Go to the line containing "Used Lynk &" and retype it and every later line exactly as written, up to the last line of the entries. Keep pictures out.

[Extracted data entries]
============
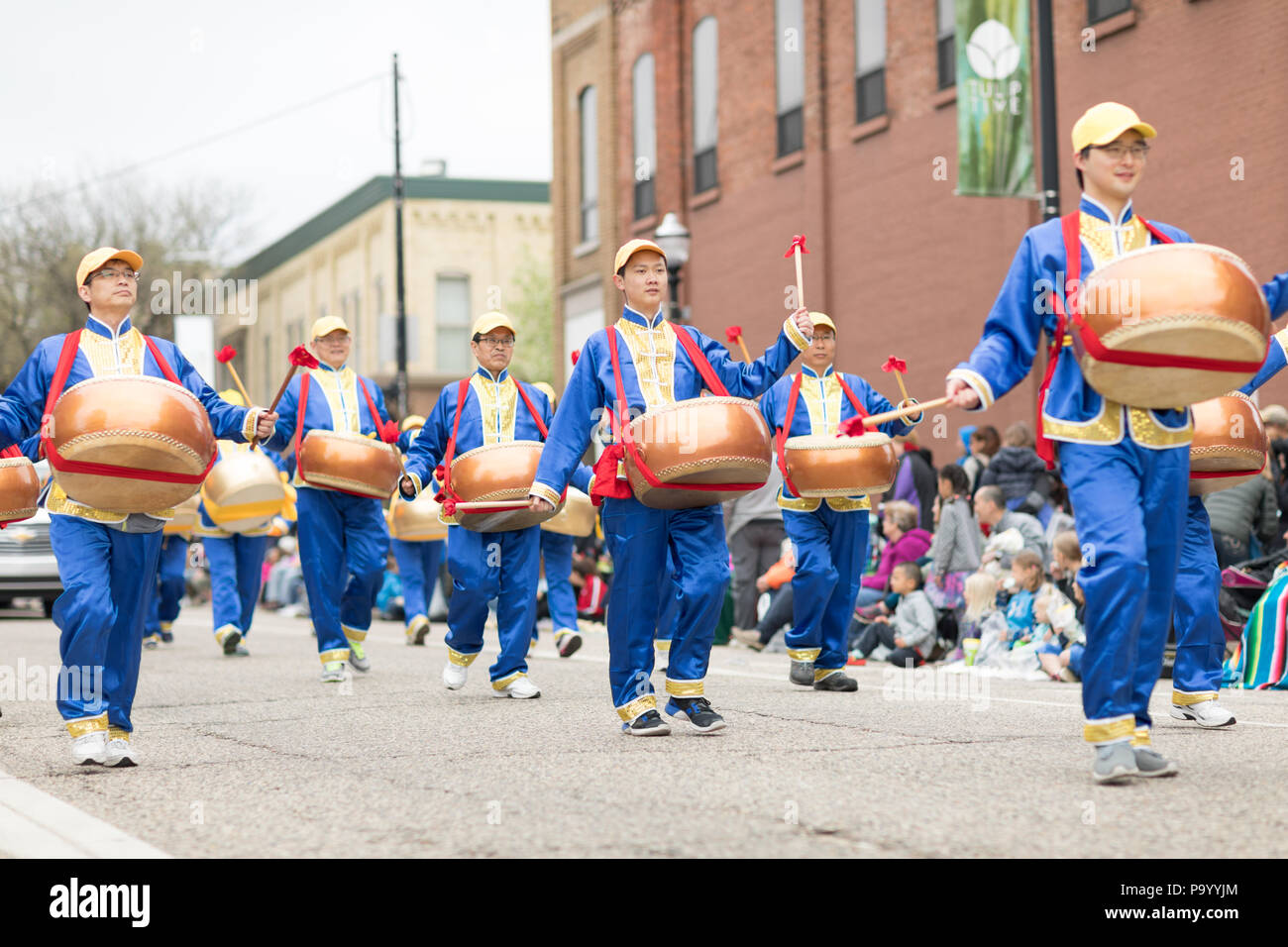 Holland, Michigan, USA - Mai 12, 2018 Chinesische Trommler Förderung von Falun Dafa auf dem Muziek Parade, während das Tulip Time Festival Stockfoto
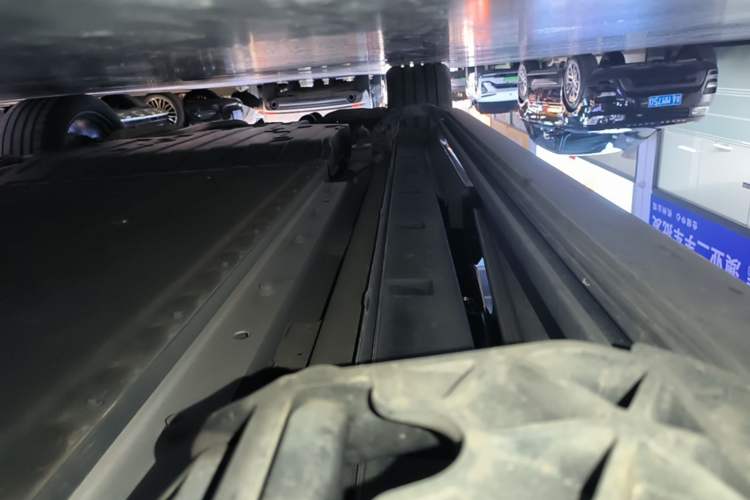 Used Lynk & Co 900 2025 1.5T Ultra Right Side Sill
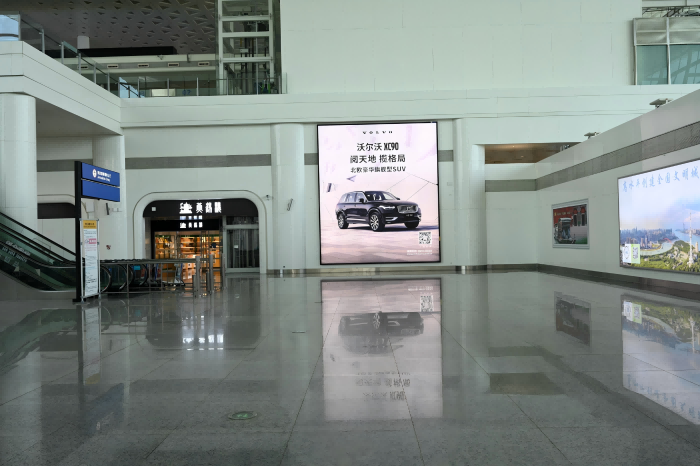 天河机场灯箱广告1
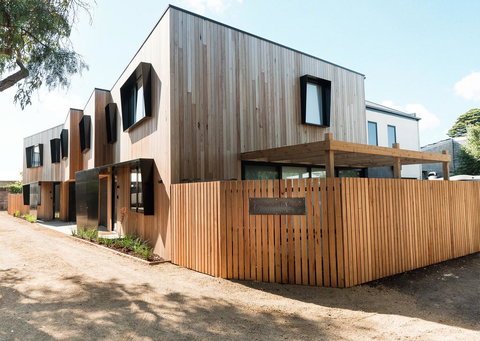 Laneway Apartments - Vesper - Winery Find 1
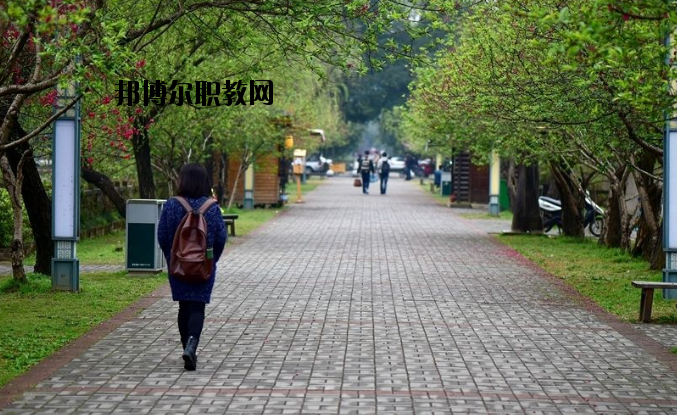 南陽第三中等職業(yè)學(xué)校怎么樣、好不好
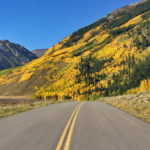 Fall-Colors-in-Aspen-Castle-Creek-Road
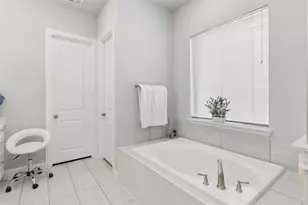 12701 Mercer Pkwy, Farmers Branch, TX 75234 - Photo 22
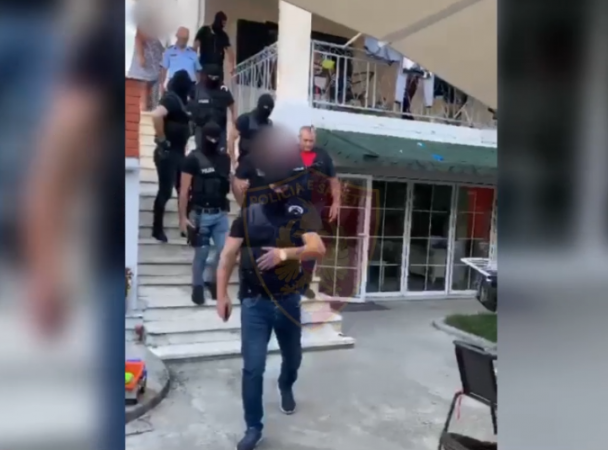 KAPET 33-VJEÇARI NË KËRKIM NË SHIJAK/ Pas sherrit në Plazh qëlloi me armë zjarri ndaj 2 të rinjve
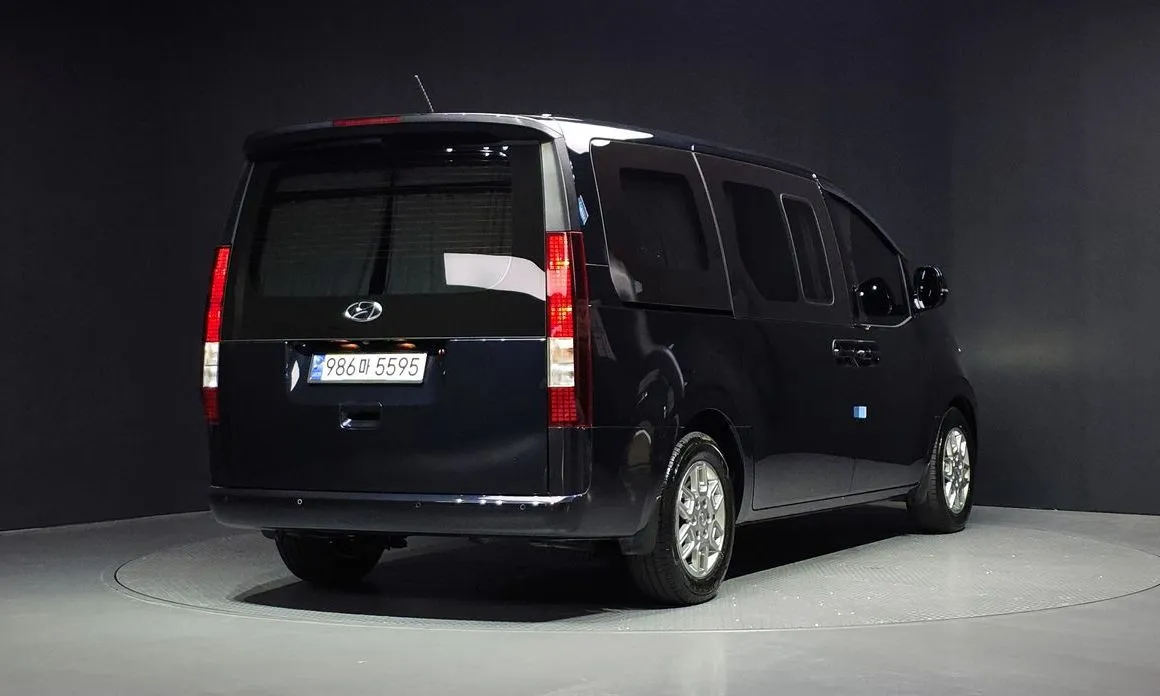 Hyundai Staria — фото 4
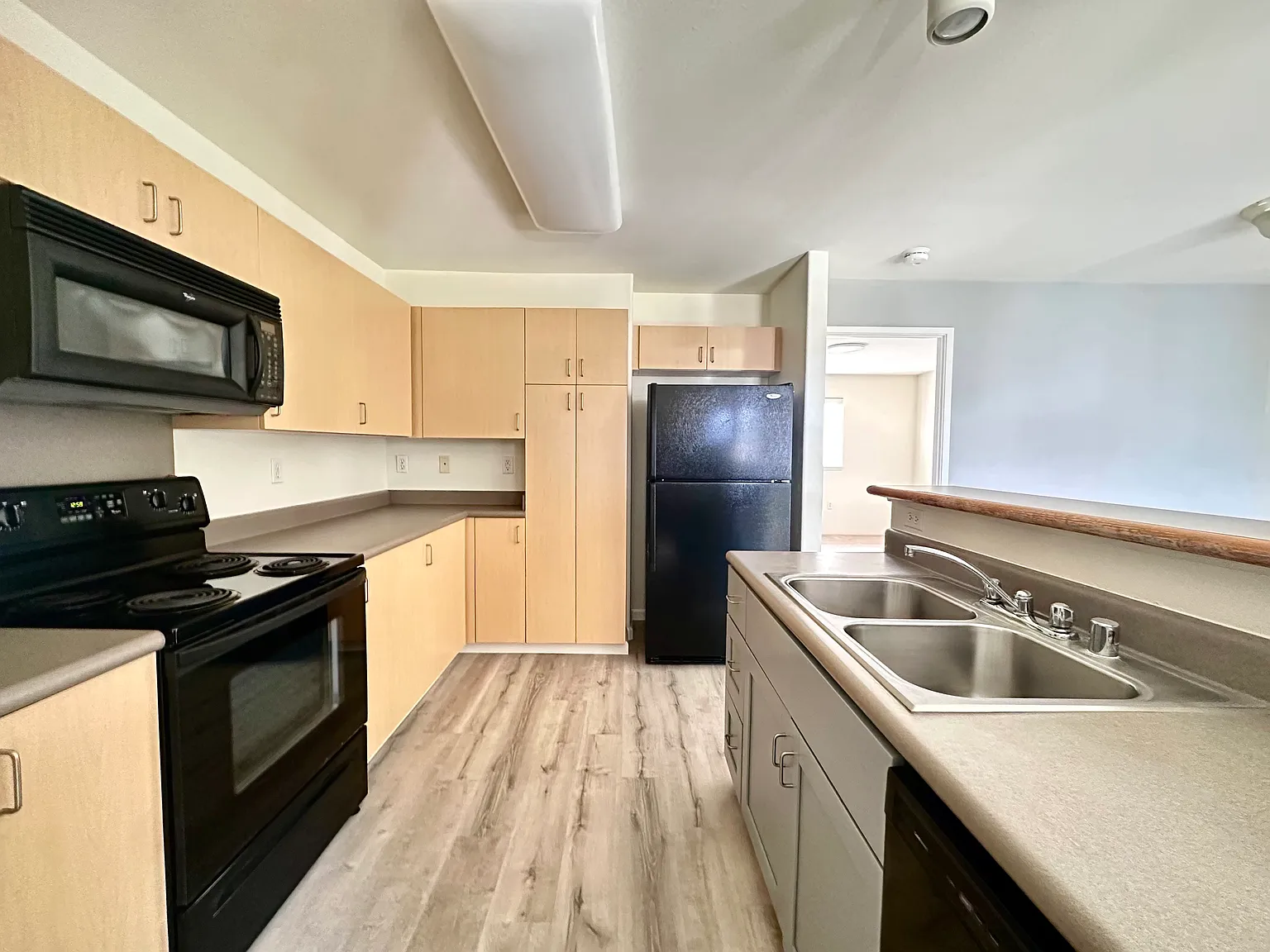 1 bed, 572 sqft, $2,000 — Photo 4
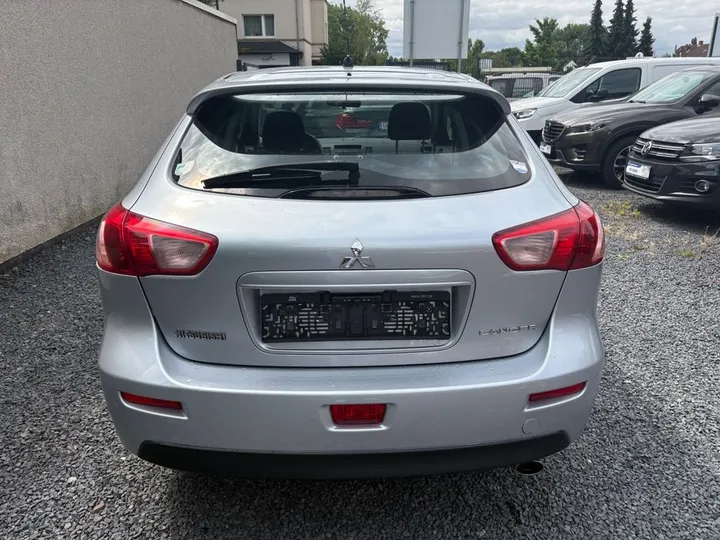 Mitsubishi Lancer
============
FINISHED TASK -
 Used Lynk & Co 900 2025 1.5T Ultra Right Side Sill
 天河机场灯箱广告1
 Laneway Apartments - Vesper - Winery Find 1
 南陽第三中等職業(yè)學(xué)校怎么樣、好不好
 Fall-Colors-in-Aspen-Castle-Creek-Road
 12701 Mercer Pkwy, Farmers Branch, TX 75234 - Photo 22
 KAPET 33-VJEÇARI NË KËRKIM NË SHIJAK/ Pas sherrit në Plazh qëlloi me armë zjarri ndaj 2 të rinjve
 Hyundai Staria — фото 4
 1 bed, 572 sqft, $2,000 — Photo 4
 Mitsubishi Lancer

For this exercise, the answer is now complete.